Wednesday, July 6, 2011

Pine-less Pesto

My wonderful friend Gloria gave me a bunch more fresh basil from her garden.  Don’t ask me why I never planted any…..I still kick myself for not getting any in this year.   The last bunch she gave me ended up being eaten in various dishes; I had really wanted to make pesto out of it but for whatever reason, didn’t. 

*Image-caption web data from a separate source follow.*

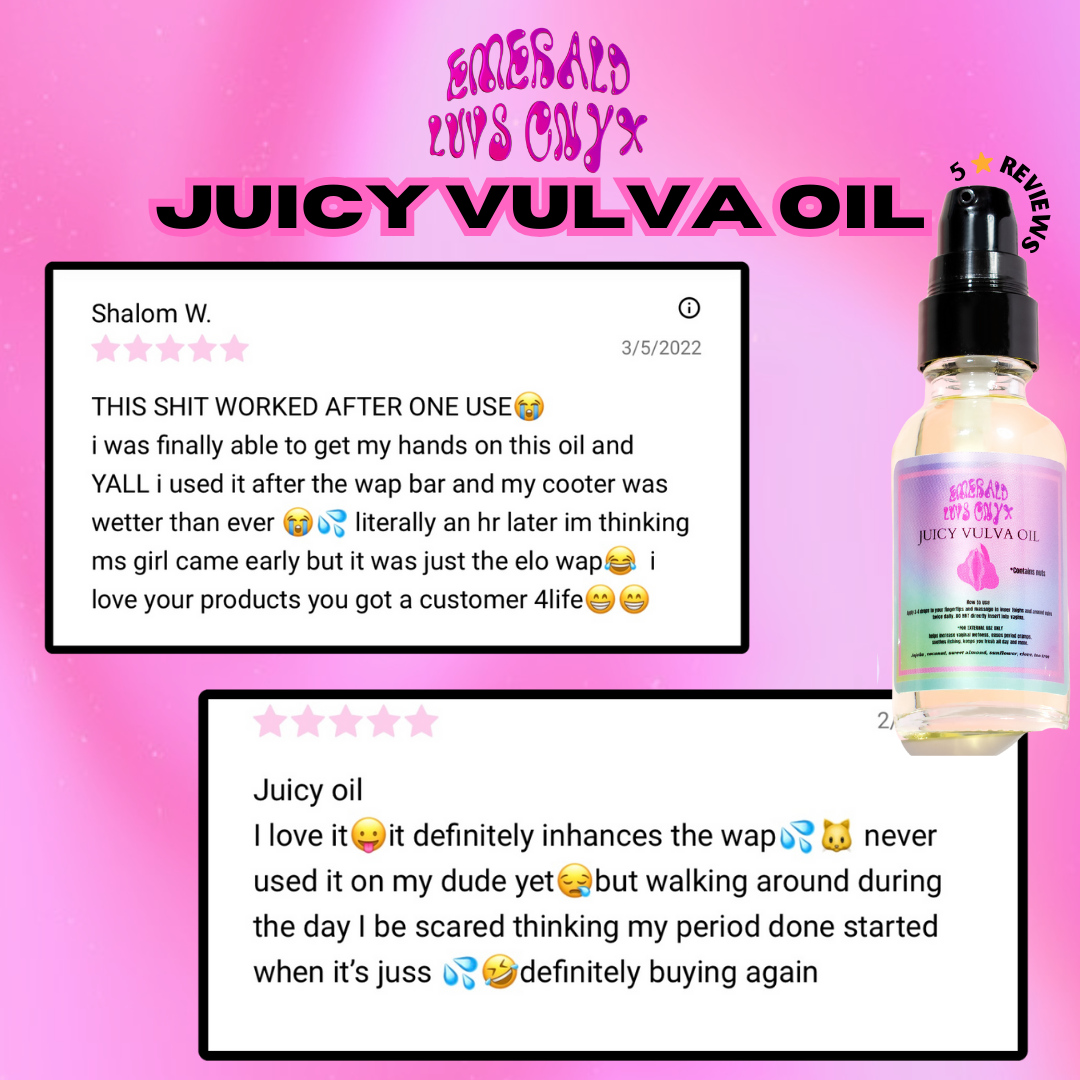 Super Soaker Yoni oil Bundle for Taste & Moisture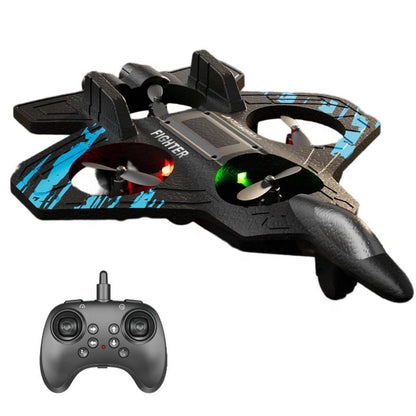 ZOOPY Remote Control 360 Flip Fighter Jet for Kids & Adults With Gravity Sensing, Stunt Roll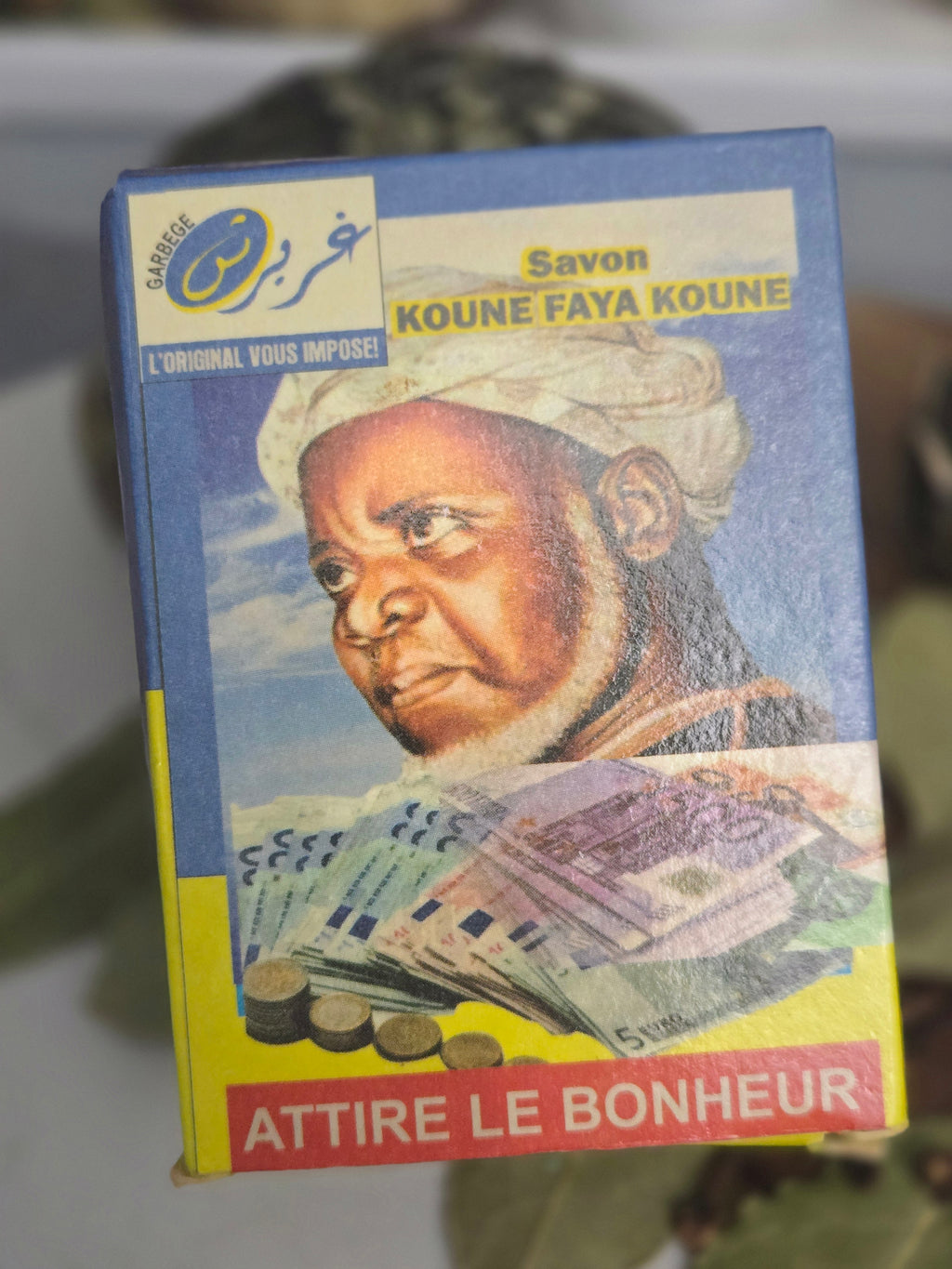 Savon SPIRITUEL faya koune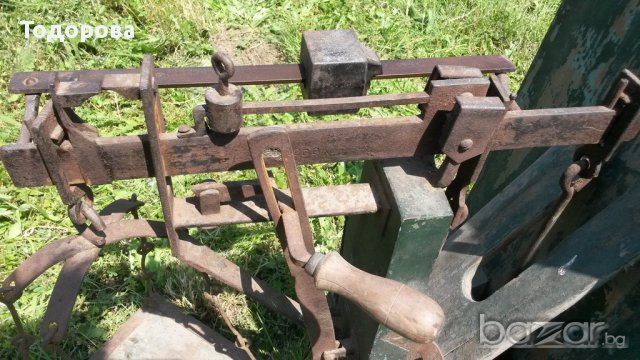 Античен голям кантар, снимка 5 - Антикварни и старинни предмети - 14884538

So last night I was determined to make some pesto.  But I didn’t have any pine nuts and the heak if I was going to drive all the way into town for pine nuts.  Besides the fact that I’m cheap and would probably refuse to pay what they wanted for their stale pinecone seeds anyhow.
I’ve heard that you can make pesto using other nuts such as walnuts or pecans.  And I had both!  Well, I have both somewhere.  Couldn’t find the pecans, so I used walnuts.  Two cups (lightly packed) of fresh basil leaves, one cup of walnuts, 1/3 cup olive oil, ¼ cup parmesan cheese, 1 tsp. garlic salt & a dash of pepper.  Blend it all up & serve over pasta!  I had picked some more lambs quarters so I sautéed them up and added that to the cooked spaghetti.
The bright green pesto started to brown pretty quickly though.  I made it before I started the pasta and squash so probably should have made it last.  Maybe adding a bit of lemon juice would have kept it green longer.  Still tasted good.
I’ve also heard that you can freeze the extra pesto in ice cube trays and then defrost the pesto-cubes as needed.  Extra.  Yeaaaahhhhh.  Around here, there never seems to be “extra” food.
Interesting idea though.

1 comment:

  1. Our family loves pesto! I have heard that walnuts and pecans both work well if you're out of pine nuts. I freeze mine in small jars and it will last a year (I only know this because I found some from last summer lost in the back of the freezer). Try it as your sauce on pizza instead of tomato based pizza sauce. It is delicious.